Em 2015, fui atravessada pelo livro “Rio – Histórias de vida e morte”, de Luiz Eduardo Soares. A arte literária contrastada com a violência de nossa cidade misturou-se às minhas próprias experiências na tentativa de contribuir com a modificação da devastação que é a política de segurança pública do Rio de Janeiro. Esse livro me lançou a uma pergunta que até então eu não ousava formular: Como é possível, depois de (muitos) fracassos recorrentes, persistir?
Em 1930, Freud já nos dava, com sua clareza explosiva, o fim da esperança de uma sociedade feliz. Ele escreveu:
“(…) o que há de realidade negada de bom grado é que o ser humano não tem uma natureza pacata, ávida de amor e que no máximo até consegue defender-se quando atacado, mas que, ao contrário, a ele é dado o direito de também incluir entre as suas habilidades pulsionais uma poderosa parcela de inclinação para a agressão. Em consequência disso [segue Freud], o próximo não é, para ele, apenas um possível colaborador e um objeto sexual, mas é também uma tentação, de com ele satisfazer a sua tendência à agressão, de explorar sua força de trabalho sem uma compensação, de usá-lo sexualmente sem o seu consentimento, de se apropriar de seus bens, de humilhá-lo, de lhe causar dores, de martirizá-lo e de matá-lo. Homo homini lúpus [o homem é o lobo do homem] (…)”[1]
Se tivermos em vista o contexto social e político em que estamos metidos, como não cair no cinismo diante da constatação – freudiana – cotidiana – de que não há saída para o pior da humanidade que nos compõe a todos? Como seguir firme numa ética, numa estética e numa política que se desvie da ingenuidade dos ideais, mas também de um conformismo cínico?
“E esse inimigo não tem cessado de vencer”
Em 1940, Walter Benjamin escreveu uma série de teses publicadas sob o título “Sobre o conceito da história” (os últimos escritos antes do suicídio que o lançou para fora da vida, e também do nazismo).
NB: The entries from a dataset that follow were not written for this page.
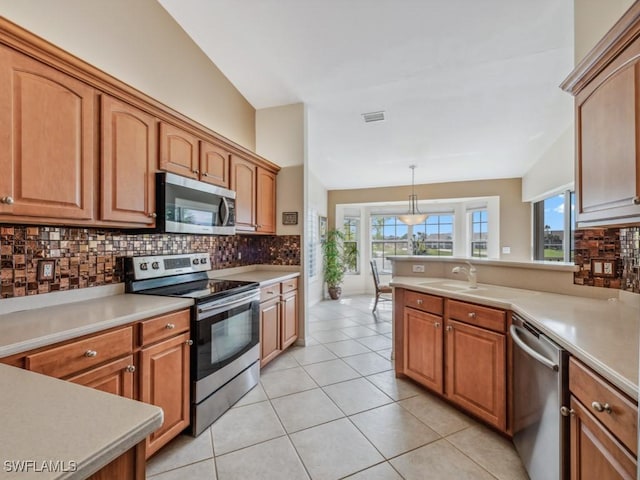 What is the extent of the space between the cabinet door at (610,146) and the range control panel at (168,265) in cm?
278

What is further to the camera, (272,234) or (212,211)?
(272,234)

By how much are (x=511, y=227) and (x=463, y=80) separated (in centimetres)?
349

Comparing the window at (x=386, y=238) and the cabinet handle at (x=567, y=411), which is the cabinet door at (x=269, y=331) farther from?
the window at (x=386, y=238)

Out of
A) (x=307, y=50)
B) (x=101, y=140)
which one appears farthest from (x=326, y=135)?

Na sexta tese do texto, há um trecho que, para mim, vibra especialmente e que gostaria de retomar antes do nosso evento de hoje. Diz Benjamin, sobre o historiador, que ele “tem o dom de despertar no passado as centelhas da esperança” e que deve estar “convencido de que também os mortos não estarão em segurança se o inimigo vencer.” E acrescenta: “E esse inimigo não tem cessado de vencer.”[2]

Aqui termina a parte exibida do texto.